Everyone is invited to attend her talk, and those faculty wishing to remain for the oral exam following are welcome to do so. Abstract and reading list are below:
Formal Verification of Closure Conversion
CertiCoq is a formally verified compiler for dependently typed functional
languages that aims to bridge the gap between certified high-level programs and
their translation to a low-level machine language. In this talk I will describe
the process of implementing and proving correct, using machine checked proofs,
the closure conversion phase of CertiCoq. The main transformation is preceded by
a lambda lifting phase, that can be seen as an unboxing optimization for closure
environments, and followed by a hoisting transformation, which flattens the
structure of function definitions. As opposed to previous closure conversion
implementations, our implementation decouples the lambda lifting phase from the
closure conversion phase, allowing us to achieve a more modular design which is
more amenable to formal verification. I will explain the implementation of the
three phases as well as the proof techniques that were used to prove their
correctness.

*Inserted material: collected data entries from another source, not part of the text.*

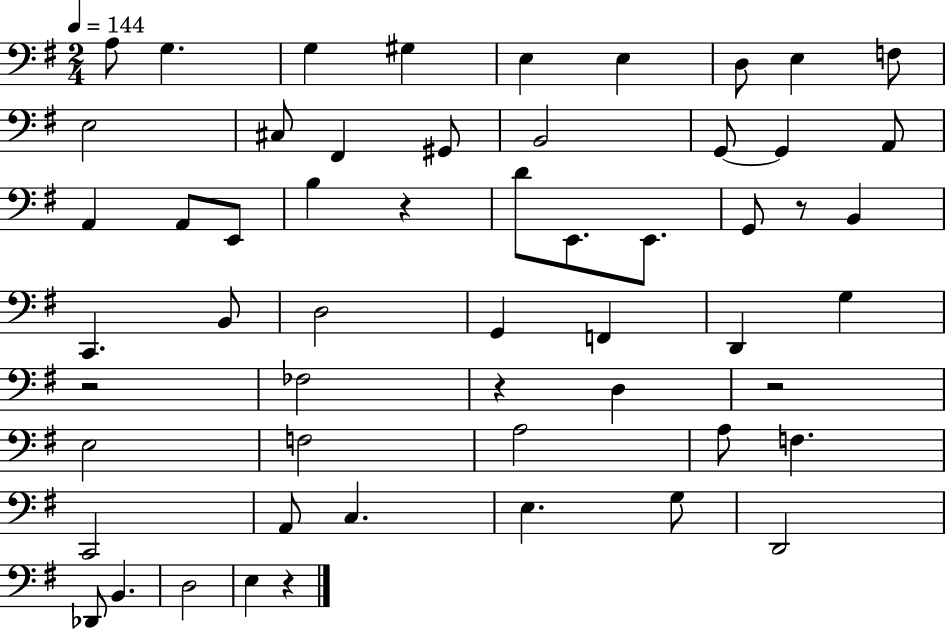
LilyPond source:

{
  \clef bass
  \numericTimeSignature
  \time 2/4
  \key g \major
  \tempo 4 = 144
  \repeat volta 2 { a8 g4. | g4 gis4 | e4 e4 | d8 e4 f8 | \break e2 | cis8 fis,4 gis,8 | b,2 | g,8~~ g,4 a,8 | \break a,4 a,8 e,8 | b4 r4 | d'8 e,8. e,8. | g,8 r8 b,4 | \break c,4. b,8 | d2 | g,4 f,4 | d,4 g4 | \break r2 | fes2 | r4 d4 | r2 | \break e2 | f2 | a2 | a8 f4. | \break c,2 | a,8 c4. | e4. g8 | d,2 | \break des,8 b,4. | d2 | e4 r4 | } \bar "|."
}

Finally, I will focus on the challenges involved in the composition
of the correctness proofs of the three phases.
* Closure conversion
** Zhong Shao and Andrew Appel, "Efficient and safe-for-space closure conversion"
** Amal Ahmed and Matthias Blume, "Typed Closure Conversion Preserves Observational Equivalence"
** Morrisett et al., "From System F to Typed Assembly Language"
* Compiler correctness
** Nick Benton and Chung-Kil Hur, "Biorthogonality, Step-Indexing and Compiler Correctness"
** Yong Kiam Tan et al., "A New Verified Compiler Backend for CakeML" (This is the new CakeML paper appearing in ICFP 2016)
** Georg Neis et al., "Pilsner: A Compositionally Verified Compiler for a Higher-Order Imperative Language"
* Extending Coq with effects
** Aleksandar Nanevski e al., "Ynot : Reasoning with the Awkward Squad"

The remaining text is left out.